Urquhart-Bradley's complaint, filed by the plaintiffs firm Sanford Heisler Sharp, alleged a culture of discrimination at the company, where women and minorities allegedly faced more roadblocks than white males. The complaint said that despite above-average performance reviews, Urquhart-Bradley was terminated because of her race and gender.

“The evidence we have points to an environment where white men are favored by their male colleagues in senior management, significantly limiting the advancement of women, and particularly women of color,” Deborah Marcuse, lead counsel for Urquhart-Bradley, said in a statement. “The irony is that Cushman & Wakefield was holding out Ms. Urquhart-Bradley as evidence of its diversity right up until it wrongfully terminated her.”

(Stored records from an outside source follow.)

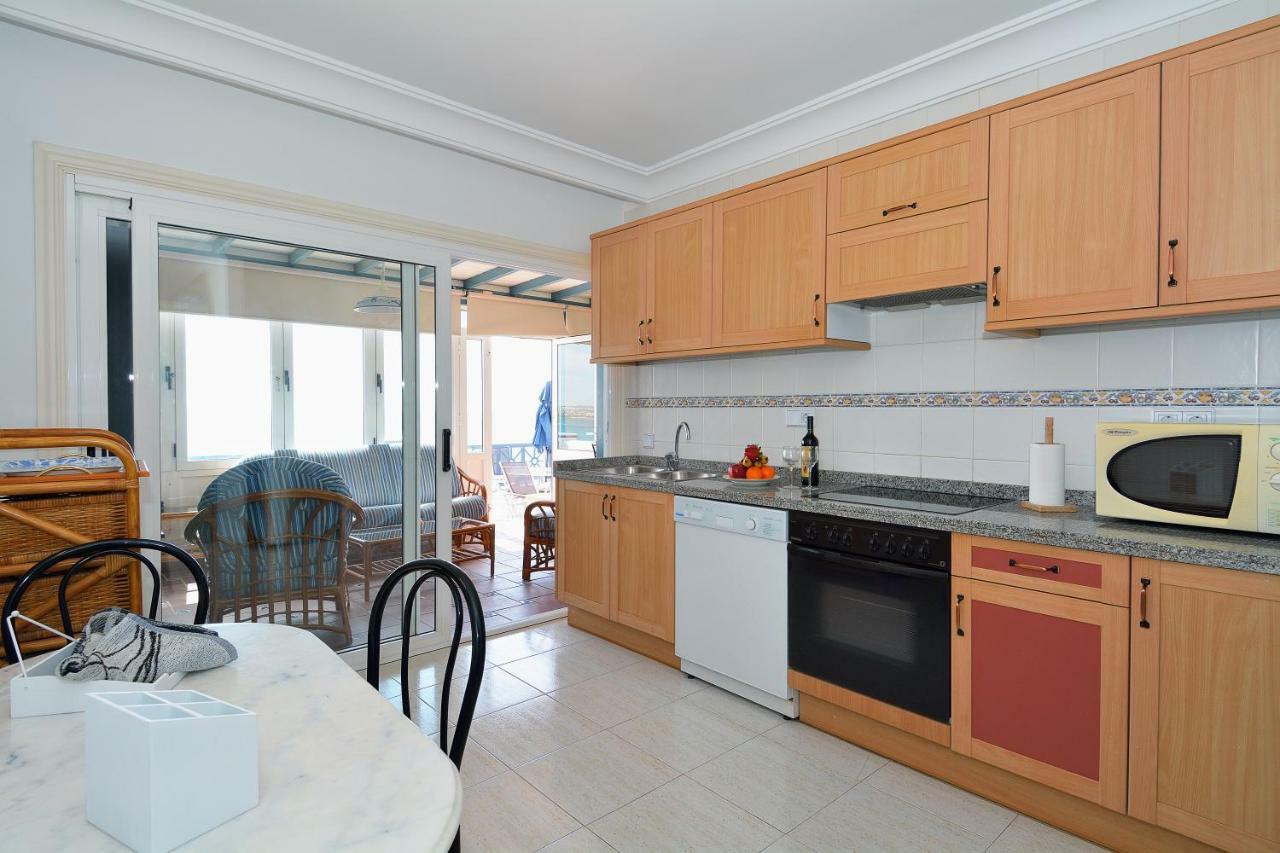 Ferienwohnung Avanti Stunning Sea Views Playa Blanca Playa Blanca  Exterior foto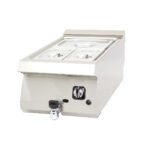 Gas Sauce Bain-Marie - 40x60 — DRN professional kitchen equipment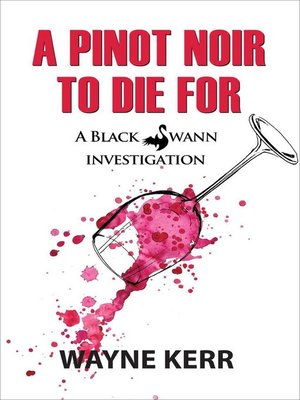 cover image of A Pinot Noir to Die For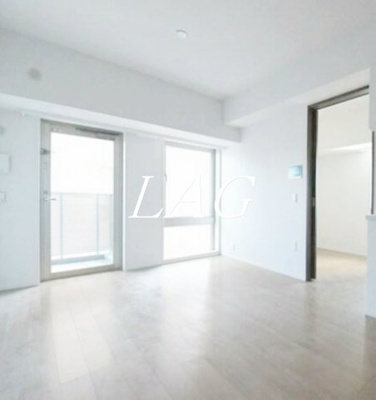 【居間・リビング】 | ｎｉｄｏ南千住 | 洋室のお部屋です。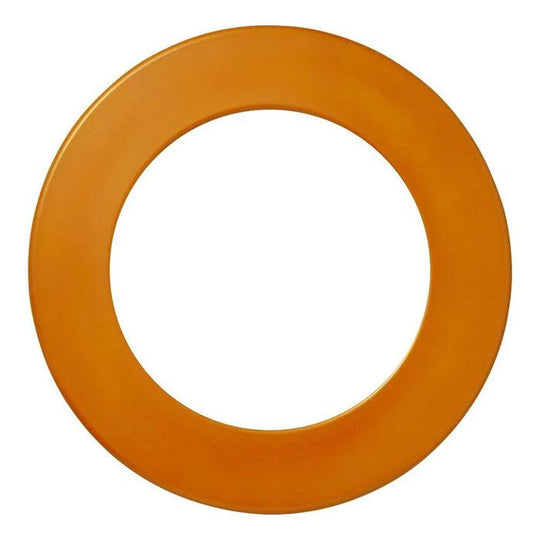 Winmau Dartboard Surround - Plain Orange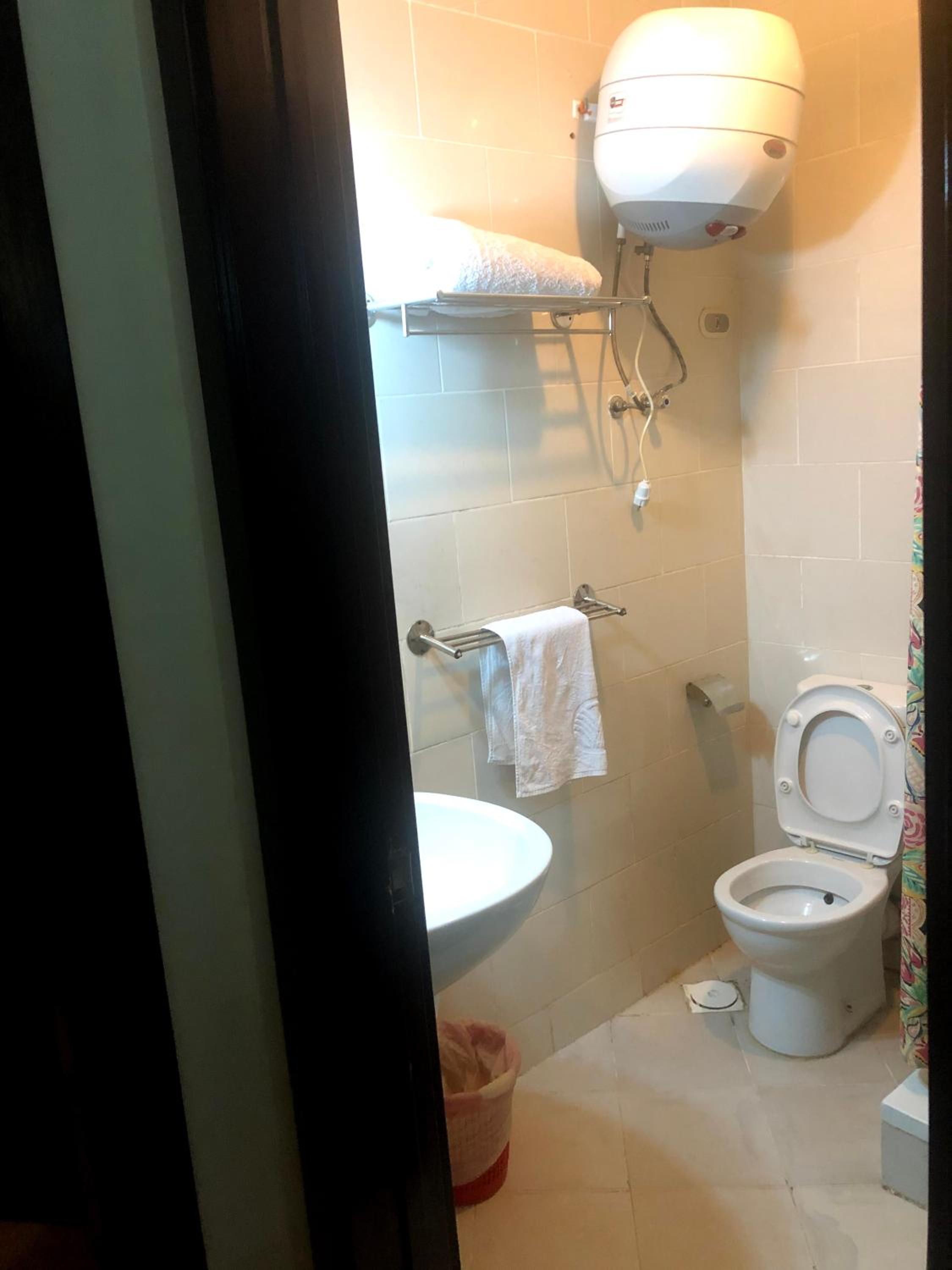 bathroom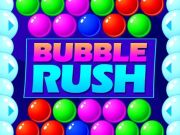 Permainan Gelembung terburu -buru  secara online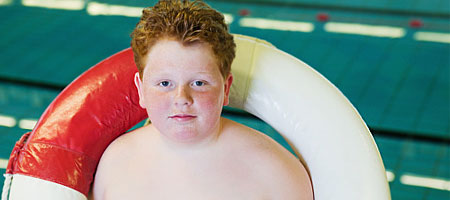 Детское ожирение – вина родителей Детское ожирение – вина родителей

Cushman & Wakefield is represented by Mary Dollarhide, a DLA Piper partner in San Diego. Dollarhide was not immediately reached for comment Tuesday, and neither was a spokesperson for Cushman & Wakefield.

Nicole Urquhart-Bradley.

Urquhart-Bradley was promoted in 2016, but she did not receive her predecessor's title of president of global valuation and advisory. The complaint said Urquhart-Bradley instead was given the “lesser title of president of valuation and advisory Americas.” The lawsuit alleged Urquhart-Bradley was one of the two remaining female service-line leaders at Cushman & Wakefield when she was fired this year.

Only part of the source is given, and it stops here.